This is a tough one. But as hard as it seems to be able to do, from my experience it seems essential to self understanding. I don’t believe you can have love for yourself if there is no understanding of what it is you have gone through in life. And that love is only able to blossom if you have come to understand the experience deeper than just the hated part of it.

My Life

In my own life there were alcoholic parents, terrible physical injuries, uprooting myself from more than one college for reasons beyond my control, and an excruciating divorce after 20 years of marriage. And those are just the highlights. Could I have hated all those events? In fact I did have hate for them. But I wasn’t FILLED with hate. Hate was part of what I felt. But so was hope, fear, happiness, anger, frustration, determination, love. I developed resilience, perseverance, a sense of adventure, compassion, love, and strength that led me forward through those things. And I was deliberate in looking at the value those events had in creating the positive part of who I am and what I can do.

Growing

Here’s the thing. You will not get to be old in this life without events that hurt you, scare you, destroy you. You will not get old without injury, illness, failure. Those things will exist at some point in some way.

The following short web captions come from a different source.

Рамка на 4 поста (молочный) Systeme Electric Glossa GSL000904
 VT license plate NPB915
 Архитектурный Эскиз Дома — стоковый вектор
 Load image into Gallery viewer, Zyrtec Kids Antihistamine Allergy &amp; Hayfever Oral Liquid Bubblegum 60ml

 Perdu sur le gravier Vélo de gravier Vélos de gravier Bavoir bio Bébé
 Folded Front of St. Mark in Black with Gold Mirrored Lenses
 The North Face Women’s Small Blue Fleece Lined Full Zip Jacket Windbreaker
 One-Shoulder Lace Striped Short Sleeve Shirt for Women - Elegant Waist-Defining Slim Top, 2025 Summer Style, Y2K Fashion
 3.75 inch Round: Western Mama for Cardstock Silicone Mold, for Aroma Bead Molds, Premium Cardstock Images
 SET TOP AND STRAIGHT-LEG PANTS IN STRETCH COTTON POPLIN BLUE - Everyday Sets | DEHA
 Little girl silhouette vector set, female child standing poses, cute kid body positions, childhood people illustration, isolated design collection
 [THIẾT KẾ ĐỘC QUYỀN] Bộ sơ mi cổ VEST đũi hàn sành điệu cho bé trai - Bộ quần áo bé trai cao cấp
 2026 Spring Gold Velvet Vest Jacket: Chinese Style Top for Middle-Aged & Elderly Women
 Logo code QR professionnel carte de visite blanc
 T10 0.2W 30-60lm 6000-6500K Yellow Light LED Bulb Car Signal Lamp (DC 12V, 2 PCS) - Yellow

Your decision is the label you give them. Is ‘hate’ the first word, maybe the only word, you attach to that event? Then I submit you haven’t looked deep enough at it. By giving more labels to these things you aren’t giving up the right to say you hated it. You are simply saying there was more to it than just the hated part. Focus on that other part. What did you learn, how did you grow, who did you help as a result?

Don’t Love Hating

I know I have lived just one life. It’s a life that didn’t include many terrible things, things that I can’t imagine having to deal with. I can’t say I would have been successful in overcoming the hate if any number of other things had happened. But I do know there are many who have so focused on what they hate about something or someone in their past (or present) that they aren’t able or willing to see beyond it. Their identity is attached to what they hate. And I know of no people who are happy being that way.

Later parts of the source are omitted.